[Your objective]
Please reproduce the data below exactly, from the first line through the line containing "entrada noi novo com mãe e avó", and leave every later line out.

(Web page caption snippets)
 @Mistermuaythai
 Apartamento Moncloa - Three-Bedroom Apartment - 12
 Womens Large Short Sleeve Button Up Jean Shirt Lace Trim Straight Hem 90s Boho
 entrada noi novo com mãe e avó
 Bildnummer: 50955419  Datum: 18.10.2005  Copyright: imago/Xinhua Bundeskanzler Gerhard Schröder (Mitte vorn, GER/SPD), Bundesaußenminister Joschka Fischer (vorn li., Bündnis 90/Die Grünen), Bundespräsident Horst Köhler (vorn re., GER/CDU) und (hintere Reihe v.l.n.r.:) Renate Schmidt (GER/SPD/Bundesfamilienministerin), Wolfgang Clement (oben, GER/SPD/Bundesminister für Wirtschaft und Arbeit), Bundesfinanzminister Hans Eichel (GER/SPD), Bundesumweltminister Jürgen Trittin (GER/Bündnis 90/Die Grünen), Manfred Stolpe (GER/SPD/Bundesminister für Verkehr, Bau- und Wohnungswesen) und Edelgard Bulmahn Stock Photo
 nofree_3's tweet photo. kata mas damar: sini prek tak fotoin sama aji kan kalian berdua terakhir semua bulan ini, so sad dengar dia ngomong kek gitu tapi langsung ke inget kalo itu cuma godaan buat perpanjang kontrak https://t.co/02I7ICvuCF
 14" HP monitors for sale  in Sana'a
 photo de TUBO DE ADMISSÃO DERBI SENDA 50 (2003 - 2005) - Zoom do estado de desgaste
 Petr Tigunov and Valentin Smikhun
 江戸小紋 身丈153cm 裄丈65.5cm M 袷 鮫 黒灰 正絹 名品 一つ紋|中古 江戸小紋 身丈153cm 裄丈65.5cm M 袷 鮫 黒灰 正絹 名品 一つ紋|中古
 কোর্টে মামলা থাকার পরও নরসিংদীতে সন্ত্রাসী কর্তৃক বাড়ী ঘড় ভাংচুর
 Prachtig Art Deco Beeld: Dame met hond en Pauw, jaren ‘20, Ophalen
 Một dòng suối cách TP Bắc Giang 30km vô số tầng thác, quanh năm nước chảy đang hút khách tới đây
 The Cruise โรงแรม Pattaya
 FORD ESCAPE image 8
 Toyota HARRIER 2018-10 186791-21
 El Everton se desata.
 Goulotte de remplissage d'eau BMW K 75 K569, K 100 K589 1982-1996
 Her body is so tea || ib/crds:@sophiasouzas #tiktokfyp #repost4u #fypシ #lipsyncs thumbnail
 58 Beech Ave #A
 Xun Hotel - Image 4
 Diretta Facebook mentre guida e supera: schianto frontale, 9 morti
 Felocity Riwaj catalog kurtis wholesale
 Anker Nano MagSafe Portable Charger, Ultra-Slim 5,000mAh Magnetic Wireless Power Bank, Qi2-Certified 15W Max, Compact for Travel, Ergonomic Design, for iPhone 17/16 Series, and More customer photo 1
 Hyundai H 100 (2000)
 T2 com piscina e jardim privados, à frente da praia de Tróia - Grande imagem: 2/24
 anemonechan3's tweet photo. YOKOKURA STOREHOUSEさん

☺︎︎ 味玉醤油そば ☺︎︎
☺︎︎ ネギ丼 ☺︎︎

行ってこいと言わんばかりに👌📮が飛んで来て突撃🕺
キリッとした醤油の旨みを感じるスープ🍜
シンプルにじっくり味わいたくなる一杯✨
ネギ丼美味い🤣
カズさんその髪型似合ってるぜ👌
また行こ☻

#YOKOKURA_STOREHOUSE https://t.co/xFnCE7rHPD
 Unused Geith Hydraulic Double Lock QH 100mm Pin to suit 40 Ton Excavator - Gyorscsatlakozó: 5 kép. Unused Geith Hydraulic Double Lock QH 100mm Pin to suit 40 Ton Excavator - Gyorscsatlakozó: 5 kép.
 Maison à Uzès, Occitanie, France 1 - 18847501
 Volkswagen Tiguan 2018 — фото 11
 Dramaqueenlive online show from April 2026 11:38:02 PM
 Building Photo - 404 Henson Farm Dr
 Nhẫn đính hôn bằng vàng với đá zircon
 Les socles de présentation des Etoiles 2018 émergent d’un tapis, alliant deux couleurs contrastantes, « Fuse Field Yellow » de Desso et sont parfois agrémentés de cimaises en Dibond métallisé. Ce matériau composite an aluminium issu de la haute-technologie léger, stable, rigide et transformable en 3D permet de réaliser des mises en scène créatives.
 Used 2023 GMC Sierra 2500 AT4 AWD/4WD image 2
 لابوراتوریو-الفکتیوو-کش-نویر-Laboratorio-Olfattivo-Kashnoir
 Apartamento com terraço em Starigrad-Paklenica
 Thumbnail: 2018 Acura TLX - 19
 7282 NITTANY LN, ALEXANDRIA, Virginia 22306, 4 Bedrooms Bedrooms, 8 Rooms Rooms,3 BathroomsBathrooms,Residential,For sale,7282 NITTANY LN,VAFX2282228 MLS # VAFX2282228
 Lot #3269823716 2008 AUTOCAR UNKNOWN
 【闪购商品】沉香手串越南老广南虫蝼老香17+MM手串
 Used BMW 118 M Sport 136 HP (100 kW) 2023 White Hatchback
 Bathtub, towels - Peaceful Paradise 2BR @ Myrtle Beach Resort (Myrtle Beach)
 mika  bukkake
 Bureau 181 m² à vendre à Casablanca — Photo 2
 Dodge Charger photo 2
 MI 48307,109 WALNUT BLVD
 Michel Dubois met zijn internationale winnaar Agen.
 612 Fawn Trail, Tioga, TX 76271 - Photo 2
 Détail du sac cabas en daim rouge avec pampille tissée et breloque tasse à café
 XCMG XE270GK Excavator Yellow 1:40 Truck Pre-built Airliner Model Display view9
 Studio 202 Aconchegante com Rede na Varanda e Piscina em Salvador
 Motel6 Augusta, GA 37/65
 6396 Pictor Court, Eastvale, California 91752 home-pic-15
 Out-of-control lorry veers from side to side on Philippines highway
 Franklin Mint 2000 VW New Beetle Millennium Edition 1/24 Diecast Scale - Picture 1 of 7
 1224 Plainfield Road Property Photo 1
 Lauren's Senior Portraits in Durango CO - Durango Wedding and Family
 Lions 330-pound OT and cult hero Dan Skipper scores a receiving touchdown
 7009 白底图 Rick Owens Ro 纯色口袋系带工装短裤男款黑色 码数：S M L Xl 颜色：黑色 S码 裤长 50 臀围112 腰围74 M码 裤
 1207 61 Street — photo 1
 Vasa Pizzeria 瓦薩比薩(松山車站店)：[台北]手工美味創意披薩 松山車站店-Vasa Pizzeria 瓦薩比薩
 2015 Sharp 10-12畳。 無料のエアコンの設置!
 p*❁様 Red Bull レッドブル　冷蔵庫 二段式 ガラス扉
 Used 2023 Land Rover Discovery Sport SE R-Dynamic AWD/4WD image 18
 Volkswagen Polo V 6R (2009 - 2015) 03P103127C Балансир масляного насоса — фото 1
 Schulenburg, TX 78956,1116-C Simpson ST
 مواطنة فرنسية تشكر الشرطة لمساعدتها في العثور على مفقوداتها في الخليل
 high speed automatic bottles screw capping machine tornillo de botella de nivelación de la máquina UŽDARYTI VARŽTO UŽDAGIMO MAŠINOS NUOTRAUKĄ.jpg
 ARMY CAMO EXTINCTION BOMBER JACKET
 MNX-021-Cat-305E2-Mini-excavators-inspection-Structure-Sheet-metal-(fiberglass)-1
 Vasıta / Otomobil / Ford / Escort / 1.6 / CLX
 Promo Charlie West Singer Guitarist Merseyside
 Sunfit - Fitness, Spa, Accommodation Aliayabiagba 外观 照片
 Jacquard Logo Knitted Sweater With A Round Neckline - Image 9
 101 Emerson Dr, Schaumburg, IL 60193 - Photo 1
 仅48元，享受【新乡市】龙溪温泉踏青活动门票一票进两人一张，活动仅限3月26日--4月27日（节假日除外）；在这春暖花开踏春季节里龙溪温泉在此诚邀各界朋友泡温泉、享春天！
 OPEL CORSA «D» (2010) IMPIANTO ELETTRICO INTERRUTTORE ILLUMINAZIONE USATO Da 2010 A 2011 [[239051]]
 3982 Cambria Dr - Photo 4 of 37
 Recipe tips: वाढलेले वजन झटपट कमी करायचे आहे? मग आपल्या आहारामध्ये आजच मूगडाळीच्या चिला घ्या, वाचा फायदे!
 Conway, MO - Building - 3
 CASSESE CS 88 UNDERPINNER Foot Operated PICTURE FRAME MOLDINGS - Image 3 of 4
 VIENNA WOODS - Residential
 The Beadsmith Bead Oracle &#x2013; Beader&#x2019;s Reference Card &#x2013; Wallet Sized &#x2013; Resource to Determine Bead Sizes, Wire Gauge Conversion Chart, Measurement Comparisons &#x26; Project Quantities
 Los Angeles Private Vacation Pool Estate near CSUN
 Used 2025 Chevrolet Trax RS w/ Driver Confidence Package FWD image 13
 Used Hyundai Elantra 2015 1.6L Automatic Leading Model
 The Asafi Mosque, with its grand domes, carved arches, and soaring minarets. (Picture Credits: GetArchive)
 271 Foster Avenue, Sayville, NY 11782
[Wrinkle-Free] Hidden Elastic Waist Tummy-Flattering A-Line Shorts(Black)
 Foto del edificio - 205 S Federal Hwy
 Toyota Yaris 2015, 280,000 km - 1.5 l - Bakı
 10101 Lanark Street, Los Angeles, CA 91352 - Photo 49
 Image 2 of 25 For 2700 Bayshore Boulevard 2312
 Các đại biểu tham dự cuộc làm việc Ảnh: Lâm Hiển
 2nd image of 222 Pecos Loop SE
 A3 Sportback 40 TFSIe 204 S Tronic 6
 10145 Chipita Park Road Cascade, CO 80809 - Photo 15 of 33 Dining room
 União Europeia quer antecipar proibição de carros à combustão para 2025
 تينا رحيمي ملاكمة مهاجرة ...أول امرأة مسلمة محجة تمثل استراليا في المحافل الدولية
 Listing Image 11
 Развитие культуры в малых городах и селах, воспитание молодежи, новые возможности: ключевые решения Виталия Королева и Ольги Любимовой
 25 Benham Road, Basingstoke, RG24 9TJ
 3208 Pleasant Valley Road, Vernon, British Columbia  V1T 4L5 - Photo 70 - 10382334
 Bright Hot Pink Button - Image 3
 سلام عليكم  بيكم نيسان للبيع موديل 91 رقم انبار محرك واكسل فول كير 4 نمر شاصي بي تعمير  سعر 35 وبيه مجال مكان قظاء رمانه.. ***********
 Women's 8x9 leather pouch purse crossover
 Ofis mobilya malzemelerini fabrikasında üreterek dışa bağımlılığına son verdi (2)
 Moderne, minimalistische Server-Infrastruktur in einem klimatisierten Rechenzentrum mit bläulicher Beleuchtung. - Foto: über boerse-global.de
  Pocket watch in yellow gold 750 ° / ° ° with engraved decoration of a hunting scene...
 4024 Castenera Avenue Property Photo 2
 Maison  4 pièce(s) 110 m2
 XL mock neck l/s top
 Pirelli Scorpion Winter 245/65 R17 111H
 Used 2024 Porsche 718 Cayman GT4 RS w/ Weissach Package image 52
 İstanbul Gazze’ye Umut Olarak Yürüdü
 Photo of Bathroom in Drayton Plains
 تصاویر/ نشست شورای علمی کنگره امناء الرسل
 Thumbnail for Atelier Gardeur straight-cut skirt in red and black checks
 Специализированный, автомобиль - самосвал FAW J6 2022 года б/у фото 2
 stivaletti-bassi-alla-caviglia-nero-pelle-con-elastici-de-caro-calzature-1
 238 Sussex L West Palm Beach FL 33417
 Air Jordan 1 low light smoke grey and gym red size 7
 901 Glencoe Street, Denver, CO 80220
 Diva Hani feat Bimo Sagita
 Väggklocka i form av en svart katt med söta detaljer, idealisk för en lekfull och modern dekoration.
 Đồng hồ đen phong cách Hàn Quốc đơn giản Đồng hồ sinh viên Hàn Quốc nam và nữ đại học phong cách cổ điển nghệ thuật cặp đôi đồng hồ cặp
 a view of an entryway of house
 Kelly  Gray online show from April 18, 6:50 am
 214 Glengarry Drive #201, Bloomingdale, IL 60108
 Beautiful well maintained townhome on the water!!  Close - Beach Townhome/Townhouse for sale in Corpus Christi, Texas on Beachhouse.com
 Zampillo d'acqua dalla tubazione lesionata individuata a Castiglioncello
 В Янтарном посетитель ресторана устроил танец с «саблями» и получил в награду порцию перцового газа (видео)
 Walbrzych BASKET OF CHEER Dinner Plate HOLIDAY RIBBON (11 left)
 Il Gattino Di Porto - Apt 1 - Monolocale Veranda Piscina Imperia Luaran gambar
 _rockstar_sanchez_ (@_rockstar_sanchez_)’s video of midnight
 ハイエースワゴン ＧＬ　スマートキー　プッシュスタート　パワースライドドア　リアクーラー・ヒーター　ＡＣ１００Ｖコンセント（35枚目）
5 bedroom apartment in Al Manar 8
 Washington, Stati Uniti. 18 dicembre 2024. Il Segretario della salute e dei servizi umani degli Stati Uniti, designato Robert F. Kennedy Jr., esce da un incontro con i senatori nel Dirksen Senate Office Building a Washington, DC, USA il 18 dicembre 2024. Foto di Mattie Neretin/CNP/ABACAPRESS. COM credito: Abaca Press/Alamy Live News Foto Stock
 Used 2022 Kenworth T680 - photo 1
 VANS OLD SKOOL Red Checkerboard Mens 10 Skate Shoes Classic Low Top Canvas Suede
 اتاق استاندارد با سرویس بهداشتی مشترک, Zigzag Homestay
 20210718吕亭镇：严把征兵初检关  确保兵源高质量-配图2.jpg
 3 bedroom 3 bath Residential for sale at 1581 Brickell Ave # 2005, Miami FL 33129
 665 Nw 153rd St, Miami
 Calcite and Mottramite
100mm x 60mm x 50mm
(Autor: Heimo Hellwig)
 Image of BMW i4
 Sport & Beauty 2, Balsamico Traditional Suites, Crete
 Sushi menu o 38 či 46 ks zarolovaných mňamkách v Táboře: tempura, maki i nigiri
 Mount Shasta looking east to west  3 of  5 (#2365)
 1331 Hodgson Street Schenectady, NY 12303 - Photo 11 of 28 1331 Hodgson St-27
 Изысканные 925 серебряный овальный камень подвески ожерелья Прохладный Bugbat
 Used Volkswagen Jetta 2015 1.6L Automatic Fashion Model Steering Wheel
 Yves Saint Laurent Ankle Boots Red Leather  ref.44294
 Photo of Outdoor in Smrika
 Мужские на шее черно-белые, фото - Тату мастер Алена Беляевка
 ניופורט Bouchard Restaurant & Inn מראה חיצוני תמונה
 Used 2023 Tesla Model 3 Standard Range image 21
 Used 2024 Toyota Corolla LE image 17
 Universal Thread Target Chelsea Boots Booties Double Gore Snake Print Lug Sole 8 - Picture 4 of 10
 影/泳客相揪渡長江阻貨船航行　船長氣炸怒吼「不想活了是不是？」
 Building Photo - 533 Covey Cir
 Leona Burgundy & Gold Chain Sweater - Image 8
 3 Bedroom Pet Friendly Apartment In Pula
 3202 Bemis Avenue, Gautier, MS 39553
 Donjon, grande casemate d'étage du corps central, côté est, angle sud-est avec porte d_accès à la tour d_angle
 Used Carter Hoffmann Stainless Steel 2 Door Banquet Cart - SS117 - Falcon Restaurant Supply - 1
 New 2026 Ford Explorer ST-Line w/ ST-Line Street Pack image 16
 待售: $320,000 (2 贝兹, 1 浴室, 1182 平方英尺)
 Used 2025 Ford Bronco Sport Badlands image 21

[Response to the exercise]
 @Mistermuaythai
 Apartamento Moncloa - Three-Bedroom Apartment - 12
 Womens Large Short Sleeve Button Up Jean Shirt Lace Trim Straight Hem 90s Boho
 entrada noi novo com mãe e avó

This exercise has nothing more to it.